Stock selection drives outperformance of European Assets Trust
The European Assets Trust, the closed-end investment company run by F&C Investments, has produced strong annual results, driven, says the manager by its stock selection process.
Net asset value total return per share rose 28.2% in sterling terms over the period (32.0% in euros).
The Trust materially outperformed its benchmark, the HSBC Smaller Europe ex UK index, which returned 17.0% (20.4% in euros). The Company has also outperformed the benchmark over three and five years.
Over 10 years it has significantly outperformed many of the major equity indices, including the UK (FTSE 100 Index) and US (S&P 500 Index). The share price discount to net asset value was 6.4% as at 31 December 2012, compared with 11.1% at the previous year-end.

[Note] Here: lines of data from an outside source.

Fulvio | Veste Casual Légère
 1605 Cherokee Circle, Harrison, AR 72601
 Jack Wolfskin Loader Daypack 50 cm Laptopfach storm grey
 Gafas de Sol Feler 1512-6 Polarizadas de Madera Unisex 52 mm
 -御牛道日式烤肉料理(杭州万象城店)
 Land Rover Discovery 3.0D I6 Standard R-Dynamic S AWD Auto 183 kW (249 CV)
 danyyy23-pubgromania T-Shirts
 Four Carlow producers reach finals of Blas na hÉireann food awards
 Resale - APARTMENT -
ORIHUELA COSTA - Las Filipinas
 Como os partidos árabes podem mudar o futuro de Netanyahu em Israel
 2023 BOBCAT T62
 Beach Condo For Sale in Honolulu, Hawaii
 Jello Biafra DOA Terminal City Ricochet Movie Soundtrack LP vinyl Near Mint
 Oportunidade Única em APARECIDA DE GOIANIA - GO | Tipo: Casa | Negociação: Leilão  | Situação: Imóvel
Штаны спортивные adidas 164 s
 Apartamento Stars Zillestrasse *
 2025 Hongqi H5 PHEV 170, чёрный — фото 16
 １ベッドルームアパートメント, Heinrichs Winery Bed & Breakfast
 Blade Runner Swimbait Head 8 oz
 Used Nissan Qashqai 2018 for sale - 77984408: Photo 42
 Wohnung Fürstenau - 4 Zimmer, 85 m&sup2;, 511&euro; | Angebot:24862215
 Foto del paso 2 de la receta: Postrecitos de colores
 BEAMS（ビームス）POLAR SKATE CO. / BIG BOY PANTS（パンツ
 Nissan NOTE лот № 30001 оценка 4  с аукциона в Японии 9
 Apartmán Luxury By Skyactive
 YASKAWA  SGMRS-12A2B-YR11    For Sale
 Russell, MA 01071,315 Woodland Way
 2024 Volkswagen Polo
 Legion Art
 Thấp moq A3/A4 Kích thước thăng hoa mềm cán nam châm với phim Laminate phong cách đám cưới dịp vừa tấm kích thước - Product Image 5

The company, listed in London and Amsterdam, announced an increase in dividend for 2013 of 24.8%, at €0.5502 per share. This represents an annual dividend equivalent to 6% of the net asset value at the end of the preceding year.
The 2013 dividend will be paid in three equal instalments of €0.1834 per share on 31 January, 31 May and 30 August. The January dividend of €0.1834 per share amounted to 15.345p per share in sterling terms.
Stock selection drove the majority of performance over the year, with returns coming from a range of sectors. This was achieved with low portfolio turnover at 22% for the year, reflecting our long term investment philosophy.
The largest position, Glanbia, an Irish based global nutritionals business, had a strong year, rising 77.8%. C&C Group, the producers of Magners Cider and Tennent’s lager, rose 57.9% during the year, and made a transformational acquisition in the US premium cider market during the period.
German robotics company Kuka rose 90.0%, as it benefitted from strong results and order momentum. Financial holdings also delivered good performance, with Azimut, the Italian asset manager, rising 76.2% during the period.
Commenting on the year ahead, London-based fund manager Sam Cosh said 2013 has seen a very strong start.
“Recoveries are rarely smooth however, and Europe clearly still has some challenges ahead, reflected in the recent Italian elections. Despite the rally, European equity remains a neglected asset class, trading at attractive valuations on both a relative and absolute basis, which provides excellent investment opportunities for disciplined stock pickers.
“Additionally, improving credit conditions should, at some point, filter through to economies improving corporate profits, which in turn will encourage a flow into the asset class. This has the potential to be a very powerful driver of European equity market returns. With greater confidence in the market outlook, we could also see the prospect of greater merger and acquisition activity, providing a spur to the small and mid-cap market in which we invest.”
The manager made use of the gearing facility during 2012 where investment opportunities arose. At the year-end the Company was 6% geared.